現在的李學武,就等著工作組的東風了。
只要他們敢說話,那李學武就敢“移花接木”“掛羊頭賣狗肉”。
反正都有人背鍋,玩唄,李學武還能怕了他們
只怕到時候楊元松不讓,別人不知道,楊元松和楊鳳山這倆人還能不知道李學武是個啥德行
膽子大的都敢掀翻副廠長,要是依了工作組的勢,別不是把廠里的領導按個收拾一個遍吧。
李學武自己也估摸著,他這計劃行不了,在楊元松和楊鳳山那就得被卡住,這倆人在工作組那邊一說,準露餡兒。
可這也防住了小人作祟,少給保衛處添麻煩了。
昨天眼瞅著那幾個人的眼里沒好下水,說不定拿他當二傻子逗呢。
給個餑餑就不知道東南西北了,想讓李學武的保衛處給他們干先鋒,打頭陣呢。
等事了他們一走,李學武就成了軋鋼廠的臭狗屎了,誰還管他的死活啊。
所以他們在準備利用李學武的時候,李學武都在心里給他們判了結局。
就他們這樣的,李學武逗著李懷德都能把他們屎給玩出來。
工作組了不起啊,李學武還是跟傻柱的那句話,只要這軋鋼廠還是工人當家做主,這天就變不了。
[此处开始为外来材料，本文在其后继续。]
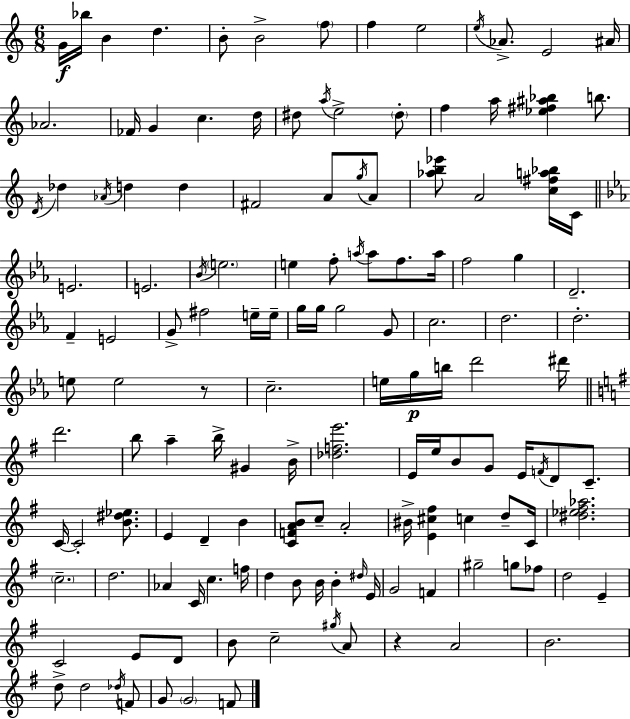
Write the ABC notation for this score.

X:1
T:Untitled
M:6/8
L:1/4
K:Am
G/4 _b/4 B d B/2 B2 f/2 f e2 e/4 _A/2 E2 ^A/4 _A2 _F/4 G c d/4 ^d/2 a/4 e2 ^d/2 f a/4 [_e^f^a_b] b/2 D/4 _d _A/4 d d ^F2 A/2 g/4 A/2 [_ab_e']/2 A2 [c^fa_b]/4 C/4 E2 E2 _B/4 e2 e f/2 a/4 a/2 f/2 a/4 f2 g D2 F E2 G/2 ^f2 e/4 e/4 g/4 g/4 g2 G/2 c2 d2 d2 e/2 e2 z/2 c2 e/4 g/4 b/4 d'2 ^d'/4 d'2 b/2 a b/4 ^G B/4 [_dfe']2 E/4 e/4 B/2 G/2 E/4 F/4 D/2 C/2 C/4 C2 [B^d_e]/2 E D B [CFAB]/2 c/2 A2 ^B/4 [E^c^f] c d/2 C/4 [^d_e^f_a]2 c2 d2 _A C/4 c f/4 d B/2 B/4 B ^d/4 E/4 G2 F ^g2 g/2 _f/2 d2 E C2 E/2 D/2 B/2 c2 ^g/4 A/2 z A2 B2 d/2 d2 _d/4 F/2 G/2 G2 F/2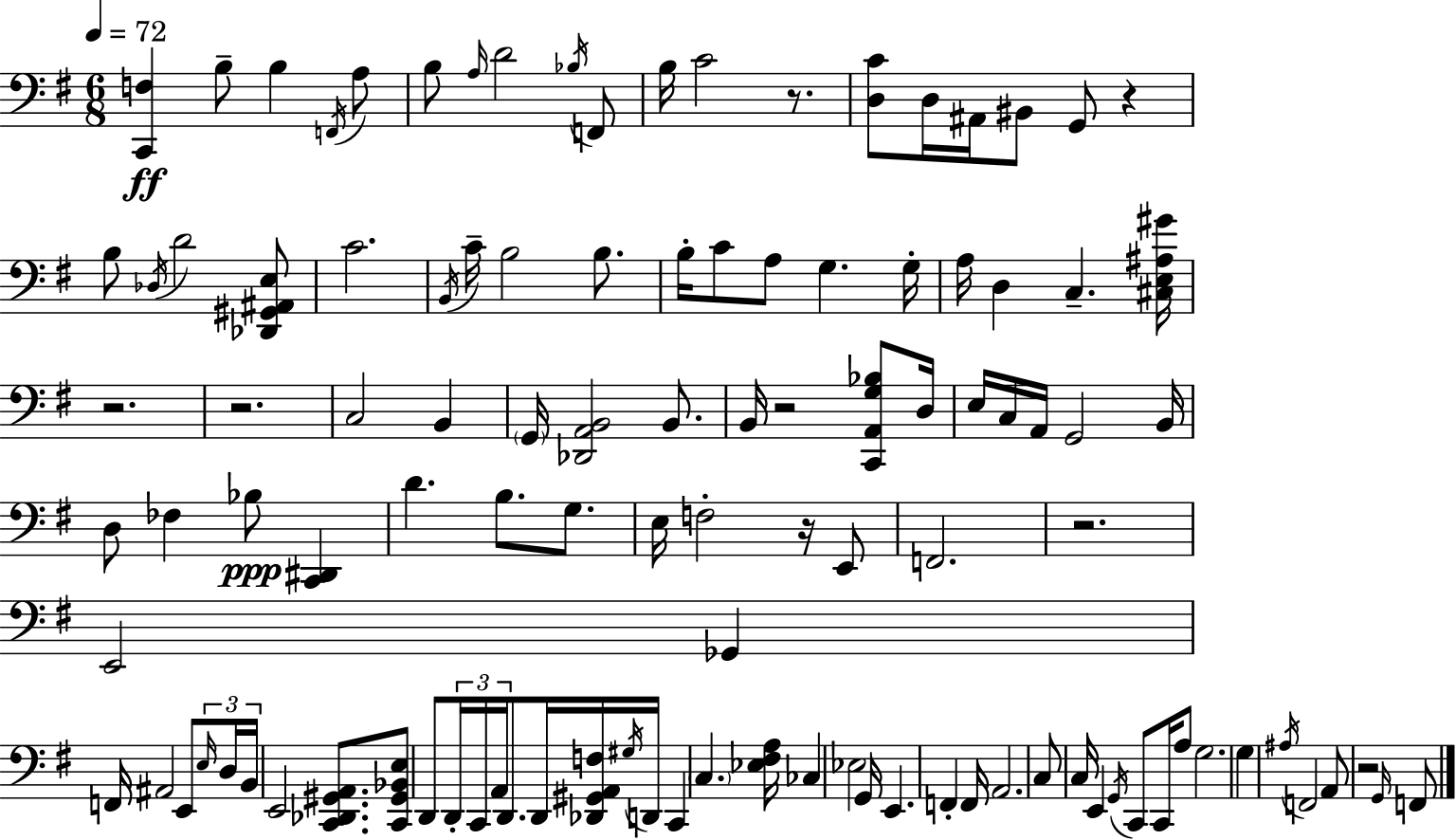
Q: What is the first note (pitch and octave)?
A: B3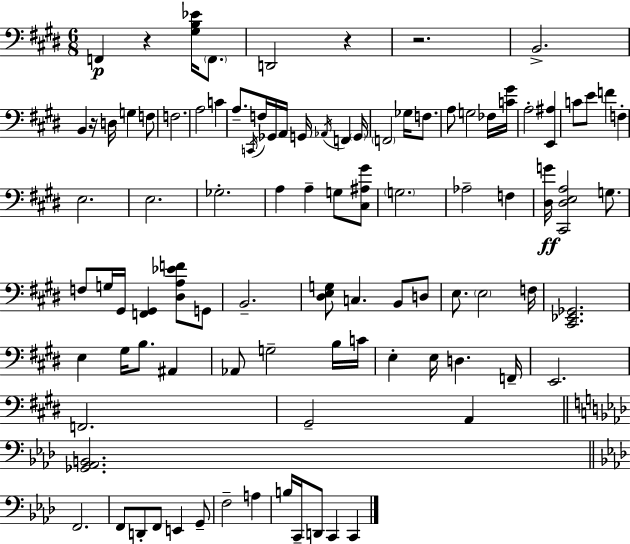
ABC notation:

X:1
T:Untitled
M:6/8
L:1/4
K:E
F,, z [^G,B,_E]/4 F,,/2 D,,2 z z2 B,,2 B,, z/4 D,/4 G, F,/2 F,2 A,2 C A,/2 C,,/4 F,/4 _G,,/4 A,,/4 G,,/4 _A,,/4 F,, G,,/4 F,,2 _G,/4 F,/2 A,/2 G,2 _F,/4 [C^G]/4 A,2 [E,,^A,] C/2 E/2 F F, E,2 E,2 _G,2 A, A, G,/2 [^C,^A,^G]/2 G,2 _A,2 F, [^D,G]/4 [^C,,^D,E,A,]2 G,/2 F,/2 G,/4 ^G,,/4 [F,,^G,,] [^D,A,_EF]/2 G,,/2 B,,2 [^D,E,G,]/2 C, B,,/2 D,/2 E,/2 E,2 F,/4 [^C,,_E,,_G,,]2 E, ^G,/4 B,/2 ^A,, _A,,/2 G,2 B,/4 C/4 E, E,/4 D, F,,/4 E,,2 F,,2 ^G,,2 A,, [_G,,_A,,B,,]2 F,,2 F,,/2 D,,/2 F,,/2 E,, G,,/2 F,2 A, B,/4 C,,/4 D,,/2 C,, C,,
還別說,這一上午就真如于德才所說,大小會議不斷,光是要求李學武參會的就有好幾個。
李學武也是很配合,哪個讓去就去那個,但也是徐庶進曹營,一言不發。
問到他了,也就守著保衛處講點兒實際的。
雖然很低調,但給參會的那些工作組成員的印象很好,很實干的青年干部。
中午,李學武讓人往辦公區、生產區、生活區等等位置巡查了一遍,得到的反饋是,影響基本控制住了,尤其是生產區,已經恢復了生產秩序。
中午飯過后,李學武拉著鄺玉生問了問,到底這工作組出了什么高招兒,一天一宿的時間就把問題解決了。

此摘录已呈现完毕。